Could you please output only the lines from the one holding "Pullover & Sweatshirts: Vintage" through the end of the listing below, exactly as written and without pictures?
DATA EXCERPT Block Start
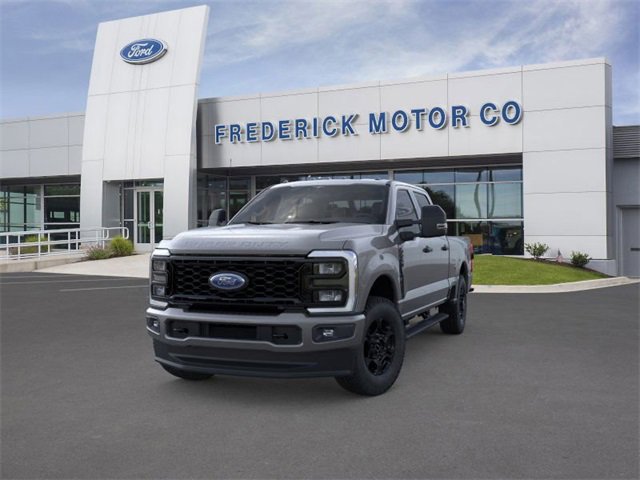 New 2026 Ford F250 XL w/ STX Appearance Package image 4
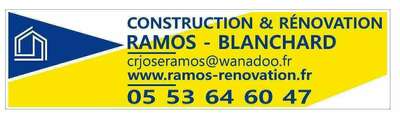 CONSTRUCTION RENOVATION RAMOS-BLANCHARD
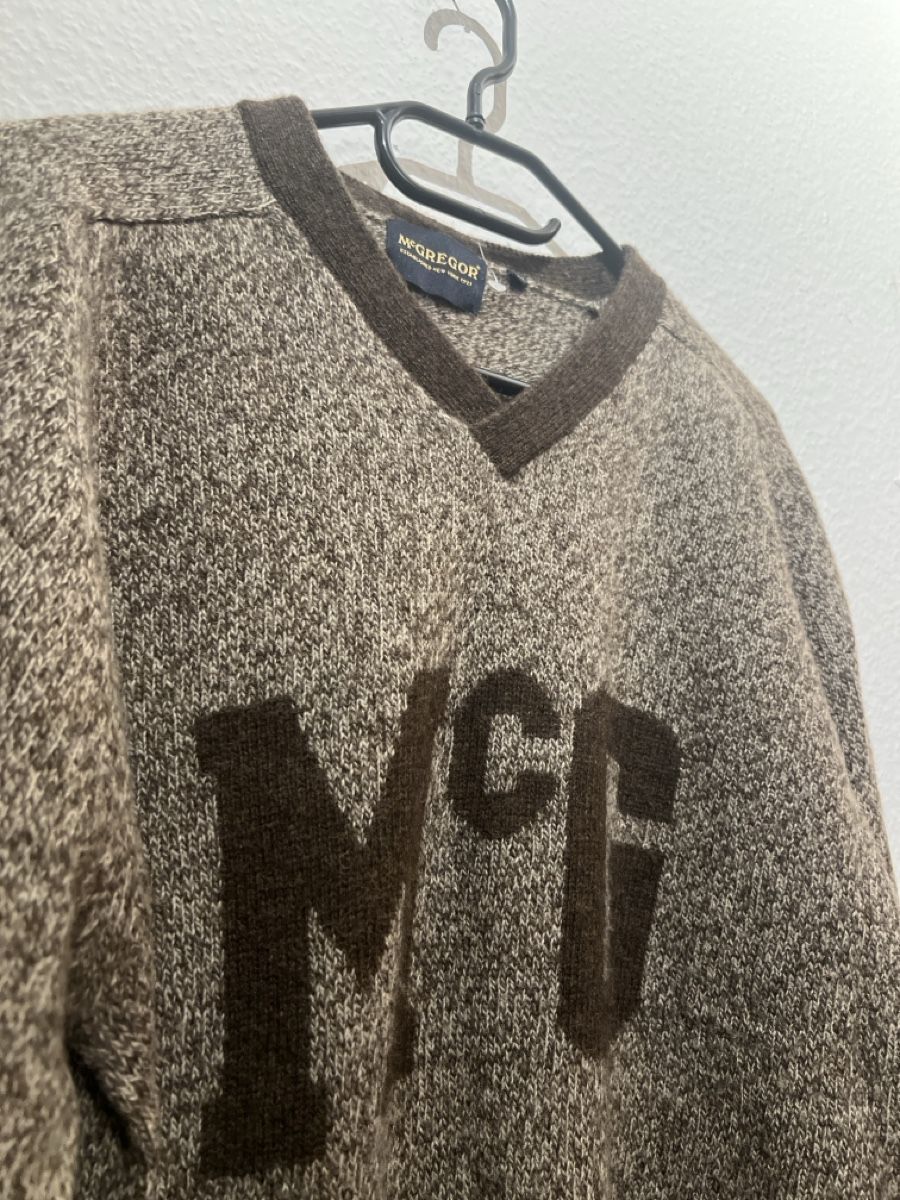 Pullover & Sweatshirts: Vintage McGREGOR Strickpullover - 100% Wolle - Gr. XL – Neu (gemäss Beschreibung) aus Basel von SimpleE 1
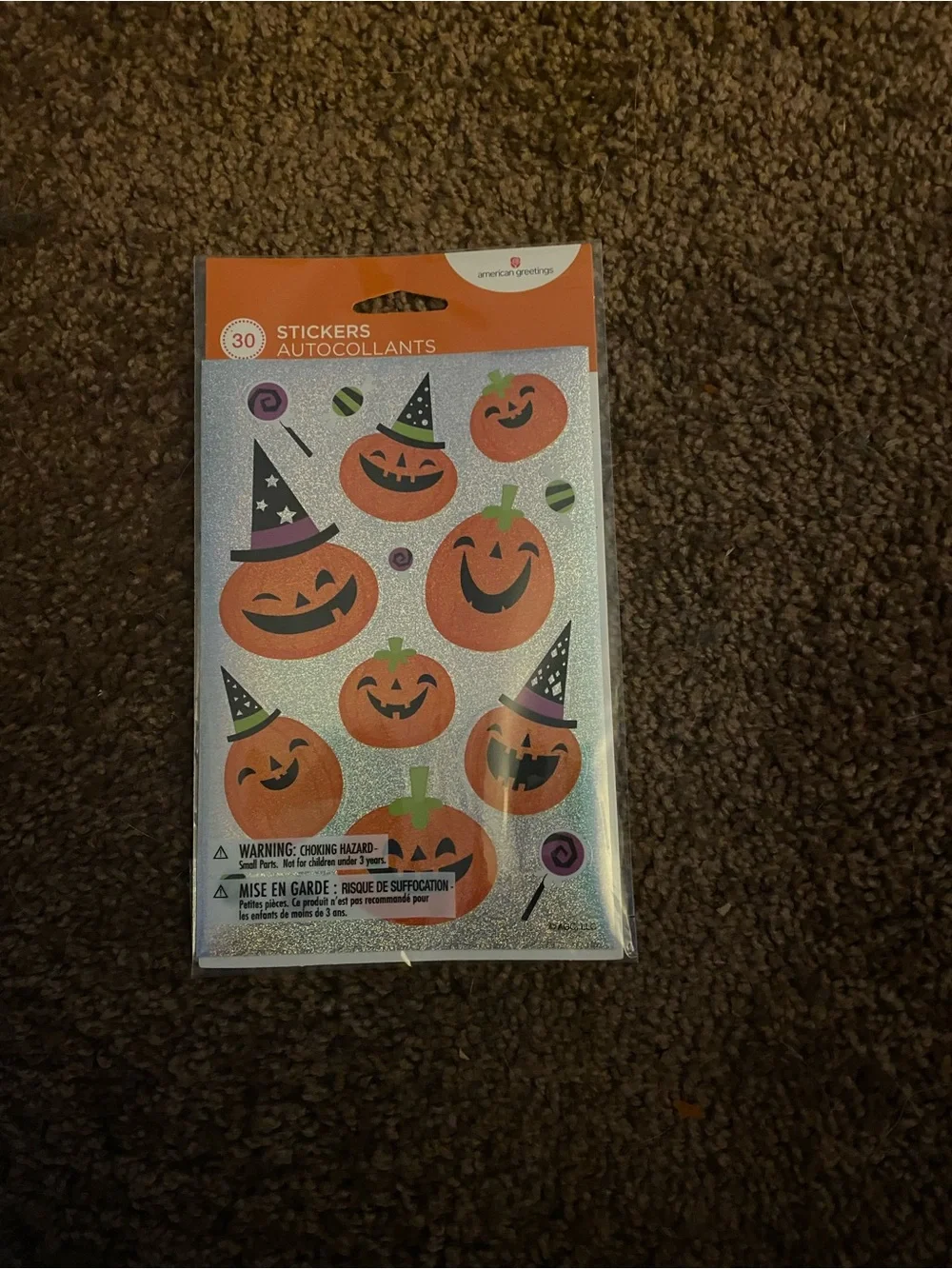 Halloween Frankenstein Scavenger Hunt Game - Green - Party Supplies See Details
DATA EXCERPT Block End
EXERCISE SOLUTION:
 Pullover & Sweatshirts: Vintage McGREGOR Strickpullover - 100% Wolle - Gr. XL – Neu (gemäss Beschreibung) aus Basel von SimpleE 1
 Halloween Frankenstein Scavenger Hunt Game - Green - Party Supplies See Details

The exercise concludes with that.